Wendy Shaw Abstract
Islam and the Legacies of Empire: Ownership of Islam in Twenty-first Century Museums
Freie Universität Berlin, Berlin
In the late nineteenth century, the study, collection and display of objects widely described through the rubric of “Islamic Art” served as a means of maintaining the power of knowledge in regions of European colonial interest and expansion. Although in the late twentieth century, many post-colonial nation states maintained or established new museums dedicated to this art, often reframed as part of national history, most received little investment or attention. Renewed interest in the Islamic world in the twenty-first century has encouraged major collections of Islamic art throughout the West to reorganize, rename, and renovate their displays of Islamic art. During the same period, major investments by Islamic actors have enabled the construction of new museums in Qatar as well as in Canada.

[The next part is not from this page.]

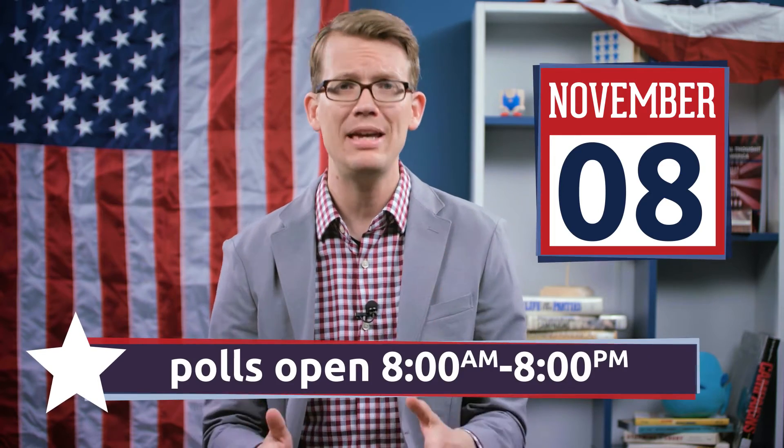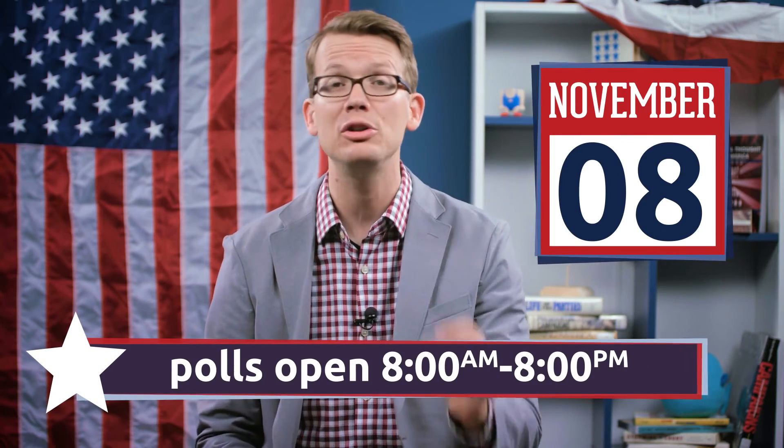In some counties, you can also vote early in person between October 24th and November 4th at your county clerk's office or elections office. There's a link to all their websites below, where their locations and hours will be posted by the time early voting begins. But if you want that experience of voting in person on November 8th, the polls are open from 8am to 8pm, and there's a link below that will tell you where to go to vote.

How do the narratives of these initiatives compare with those in long-since established collections? How does the era of collection affect the practice of display, the role of architecture, and the narrative of Islamic culture espoused in various museums? What relationship does investment in museums have with assuming authorship over such narratives? How is this authority related to changing dynamics of global capital and Islamic revivalism in the twenty-first century? This paper will use a comparative approach to contemporary displays of Islamic art to examine the political underpinnings of Islamic culture in museum settings.